Obywatelstwo Mazura nie jest przeszkodą w ekstradycji
Stany Zjednoczone wydają innym krajom osoby
podejrzane, oskarżone lub skazane za przestępstwa na podstawie
reguł i procedur określonych w dwustronnych umowach. Umowy te wspominają, iż amerykańskie obywatelstwo nie jest przeszkodą w ekstradycji.
23.10.2006 | aktual.: 23.10.2006 01:35
Ewentualna ekstradycja Edwarda Mazura, biznesmena z Chicago podejrzanego o zlecenie zabójstwa byłego komendanta głównego policji generała Marka Papały, odbędzie się według reguł i procedur zgodnych z polsko-amerykańską umową podpisaną w 1996 r. i wprowadzoną w życie w 1999 r.
Po wejściu Polski do Unii Europejskiej uzupełniono ją o umowę dodatkową, dotyczącą dostosowania jej do porozumienia o ekstradycji zawartego w 2003 r. między USA a UE.
Na podstawie umowy z 1996 r., posiadanie obywatelstwa USA przez Mazura nie jest przeszkodą na drodze do ekstradycji. Umowa mówi, że "żadne z umawiających się państw nie jest zobowiązane do wydawania własnych obywateli, jednakże organ wykonujący w państwie wezwanym będzie mógł dokonać wydania takich osób, jeżeli według jego uznania będzie to właściwe i możliwe".
Umowa mówi też, że jeśli państwo wezwane (w tym wypadku USA) odmówi wydania "wyłącznie ze względu na obywatelstwo osoby poszukiwanej", państwo to "przekaże sprawę swym właściwym organom w celu podjęcia decyzji co do przeprowadzenia postępowania karnego".
W praktyce, USA wydają swych obywateli dość rzadko - ich ekstradycje stanowią około 10% wszystkich przypadków ekstradycji przestępców.
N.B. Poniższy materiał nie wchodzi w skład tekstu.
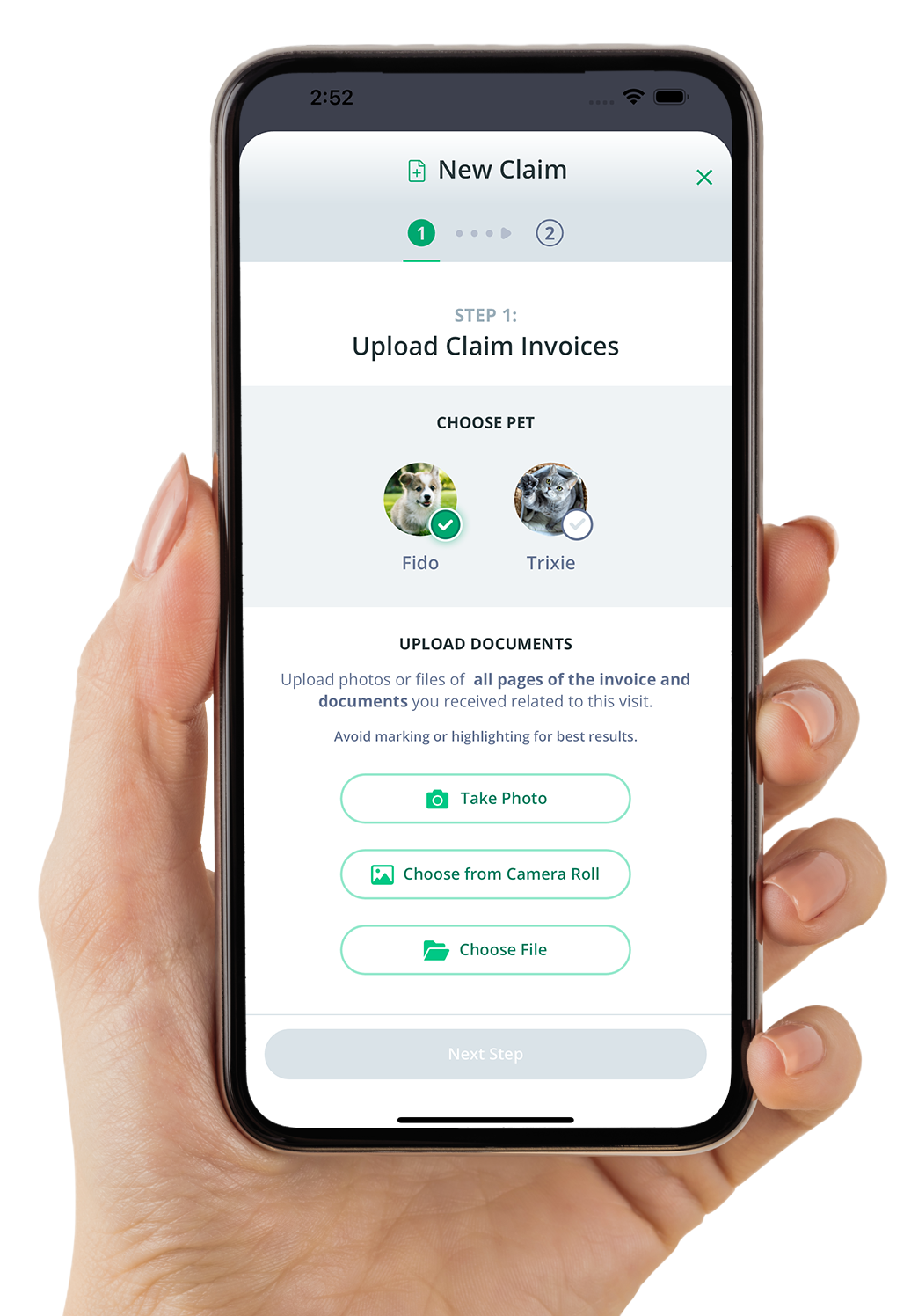 Mobile phone showing claim process on the Healthy Paws app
Częściej zdarzają się ekstradycje po uprzednim pozbawieniu ich obywatelstwa. Tak było w wypadku wielu zbrodniarzy wojennych, jak osławiony John Demjaniuk, były ukraiński strażnik hitlerowskiego obozu koncentracyjnego, wydany Izraelowi (został on tam jednak uniewinniony i wrócił do USA, gdzie oskarżono go ponownie).
Formalną podstawą do odebrania obywatelstwa USA jest zwykle udowodnienie podejrzanemu (lub oskarżonemu) przestępstwa, że skłamał ubiegając się o amerykański paszport przez ukrycie istotnych faktów, jak np. członkostwo w partii nazistowskiej.
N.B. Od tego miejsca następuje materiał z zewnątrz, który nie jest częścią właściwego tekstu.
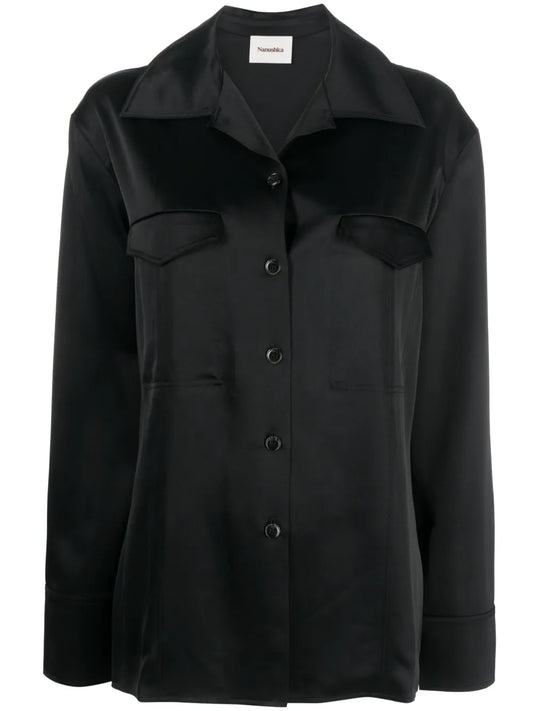 Justina Satin Long-Sleeve Shirt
W przypadku Mazura, podstawą do odebrania obywatelstwa USA byłoby udowodnienie mu, że skłamał ukrywając np. że współpracował z polskimi służbami specjalnymi. Według prasowych doniesień, istnieją takie podejrzenia.
Umowa o ekstradycji mówi także, że "wydanie podejrzanego nie nastąpi, jeżeli przestępstwo stanowiące podstawę wniosku jest przestępstwem politycznym". Zabójstwo, o współudział w którym podejrzany jest Mazur, nie jest uważane w umowie za przestępstwo polityczne. Umowa mówi jednak, że "wydanie nie nastąpi, jeżeli organ wykonujący w państwie wezwanym stwierdzi, że wniosek był złożony z przyczyn politycznych".
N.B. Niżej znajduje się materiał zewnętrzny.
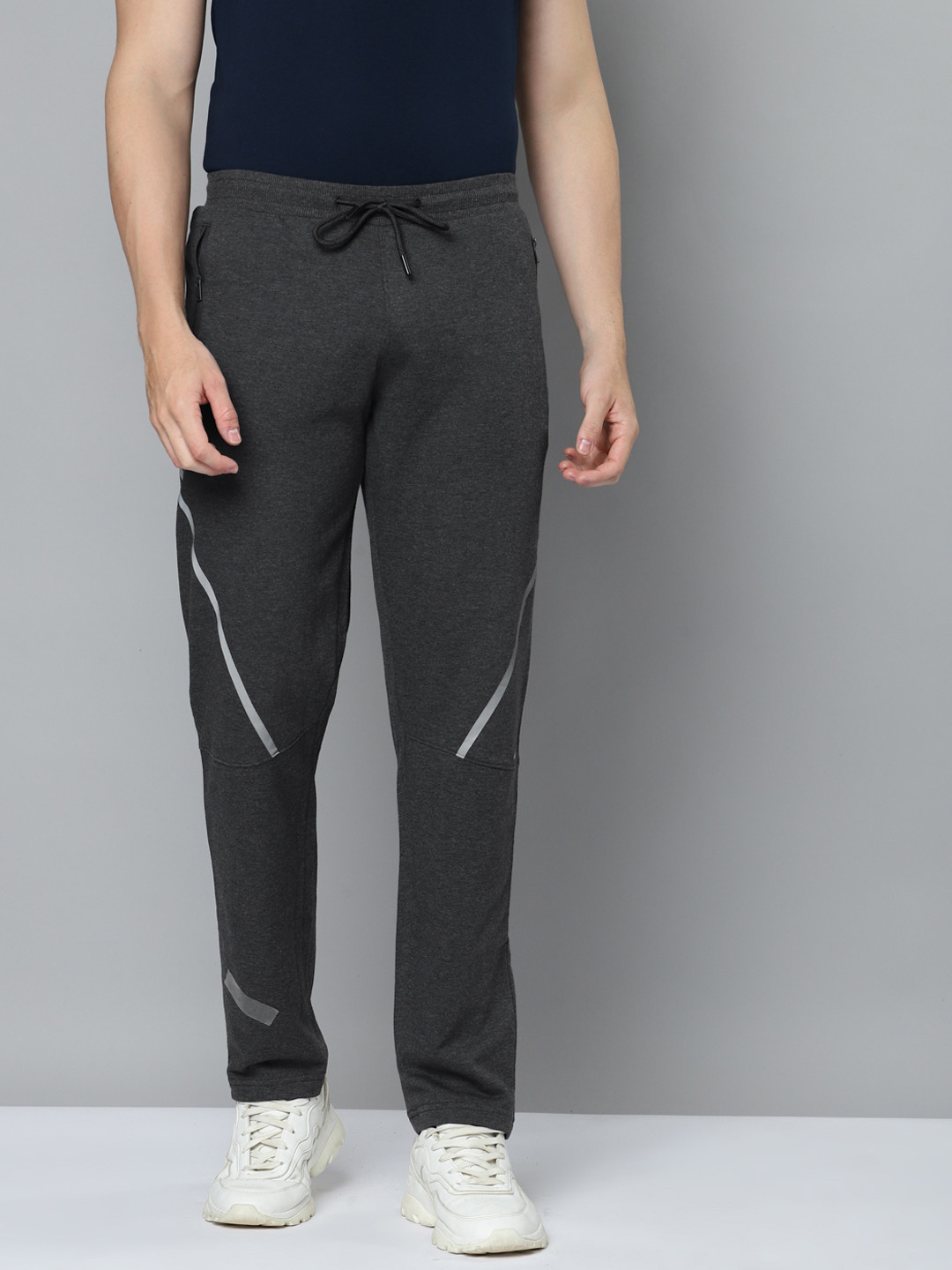 Buy Alcis Men Charcoal Grey Solid Track Pants Track Pants for Men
Źródła w Chicago twierdzą, iż Mazur broniąc się przed ekstradycją prawdopodobnie będzie utrzymywał za pośrednictwem swych adwokatów, że wniosek Polski o jego wydanie jest motywowany politycznie.
Władze państwa wzywającego składają wniosek na drodze dyplomatycznej, kierując go do Departamentu Stanu. Jest on następnie rozpatrywany przez Ministerstwo Sprawiedliwości, które przekazuje go właściwej prokuraturze, w tym wypadku prokuraturze federalnej w Chicago. Ta z kolei składa swój wniosek ekstradycyjny do federalnego sądu okręgowego w tym mieście wraz z wnioskiem o aresztowanie podejrzanego, co nastąpiło w piątek.
Wniosek ekstradycyjny jest obecnie rozpatrywany przez sąd federalny w Chicago, który ewentualnie zarekomenduje wydanie Mazura. W takim wypadku sprawa trafia do sekretarza stanu USA, który podejmuje ostateczną formalną decyzję o ekstradycji.
W razie decyzji odmownej, państwo wezwane (USA) jest zobowiązane natychmiast powiadomić o tym państwo wzywające i podać przyczyny odmowy.